Trading Above Offering Price
Even after the big sell-off, Beyond shares were still hovering around $177, about 12% percent above the offering price. Typically, stocks initially trade in-line with the offering price in the case of secondary offerings as large as Beyond Meat's. However, Benzinga PreMarket Prep co-host Dennis Dick said on Thursday's show that traders shouldn't necessarily expect Beyond Meat to close that gap down to $160.
"Typically these things like to pull down to the secondary pricing. I'm not sure that's going to happen in this case because they are so many factors involved," Dick said.
On Wednesday, Edison International (NYSE:EIX) had a similar offering priced at $68.50, but the stock traded up to around $75.
"Edison has nothing to do with Beyond Meat, but they both did secondaries and I've never seen a secondary [go up] like that. I'm just saying, Beyond Meat doesn't have to trade down to its offering price. There are so many other mechanics here happening. And that Edison trading from yesterday would scare me if I was flat out shorting [BYND]," Dick said.

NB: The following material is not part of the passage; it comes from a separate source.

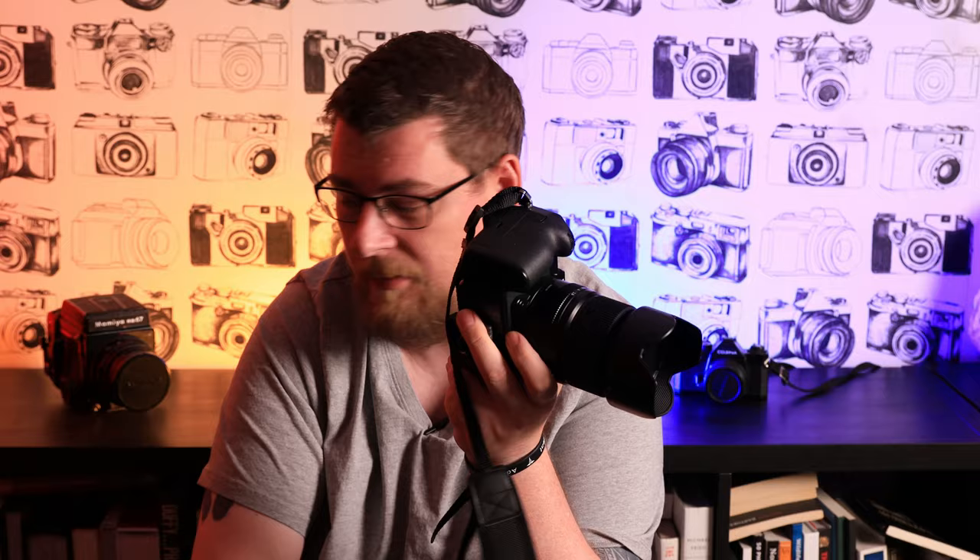I was overjoyed, obviously. It's not Monday anymore so these have been unboxed already, so there's no point showing you the unboxing. What I will show you is the camera with the lenses.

While the stock has remained well above the offering price, Dick said the $160 price is telling for Beyond Meat bulls given the steep discount to its recent trading range.

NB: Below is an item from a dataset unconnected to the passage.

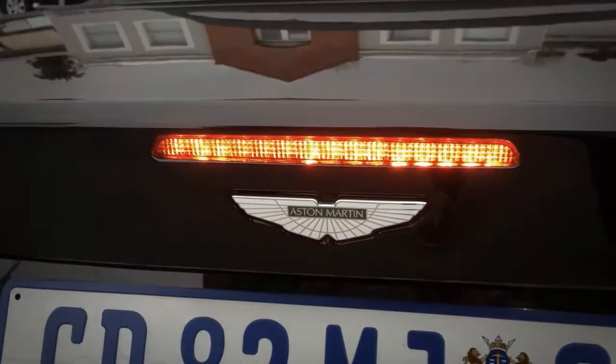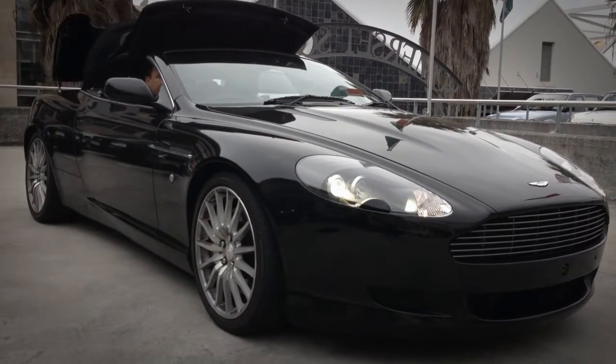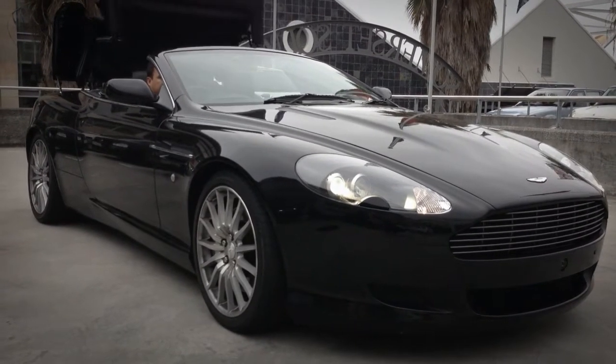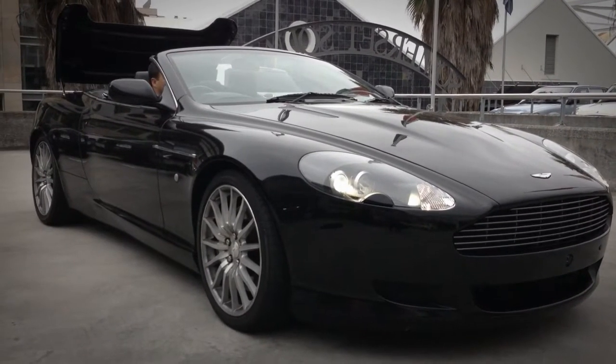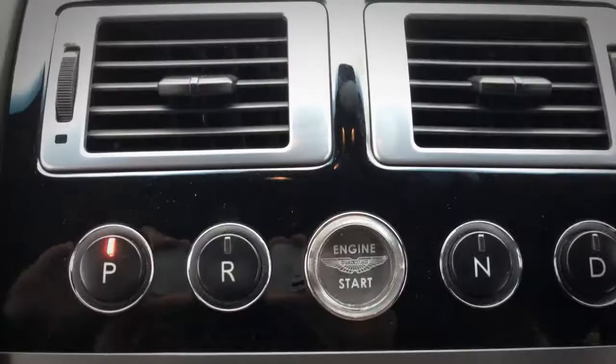In this drop-top version of the car, you'll get 0 to 100 times around the 4.5 to 4.6 second mark. It'll go on to a limited top speed of around 266. The soft top is fully automatic and drops down in something like 18 seconds.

"There was obviously not that much interest to have to price it that low," he said.
Alternative Uptick Rule
In the near term, Dick said the alternative uptick rule is also helping support Beyond Meat's share price. The alternative uptick rule forbids short sellers from executing trades at the bid price on any stock that is down 10% in one day through the end of the following trading day. Short sellers must instead short only on the ask price.

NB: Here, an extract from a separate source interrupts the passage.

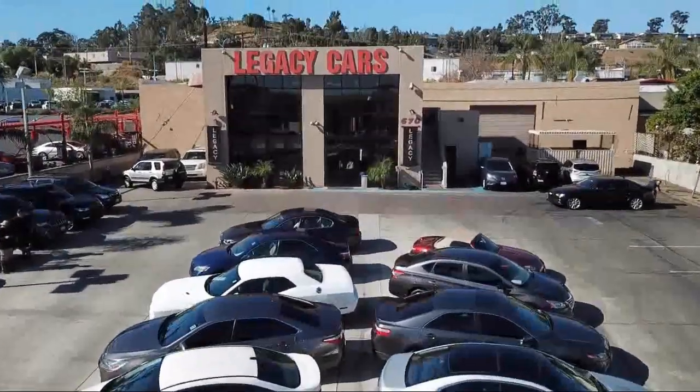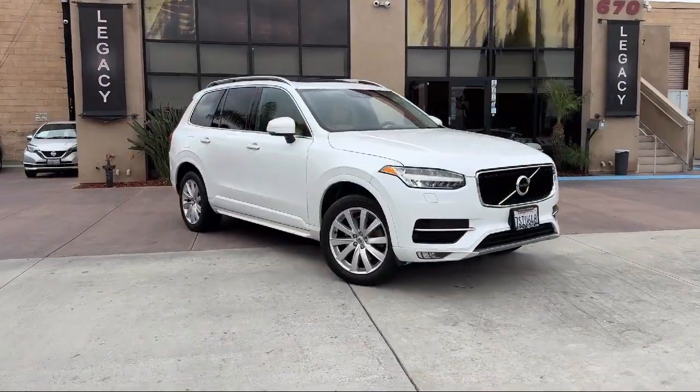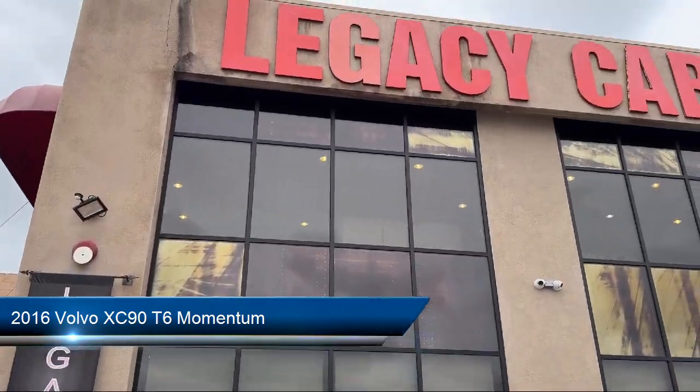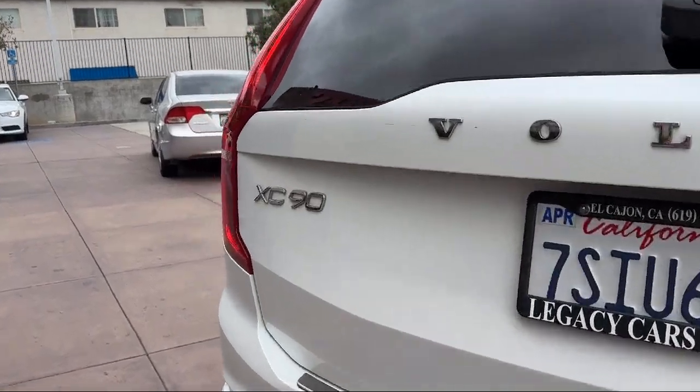Welcome to Legacy Cars, your premier location for quality pre-owned vehicles. Here's a look at another one of our great vehicles from our selection of cars, trucks, and SUVs. It comes equipped with many standard and optional features and has less than 80,000 miles on the odometer.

Since Beyond Meat shares were already down more than 10% on Wednesday when the offering pricing news was announced, short sellers had their hands tied due to the uptick rule.
"It's $189 bid, and the stock wants to go down and they're all piling on at $189.01 because everyone wants to hit the $189, but you can't hit it because of the alternative uptick rule. So it just sits there for like 20-30 seconds," Dick said.
"That's the argument that I've given against the uptick rule for a long time. it leads to market inefficiencies."
Beyond Meat may see some additional selling pressure on Friday once short sellers are cleared from the uptick rule restrictions.
The stock traded around $176.56 per share at time of publication.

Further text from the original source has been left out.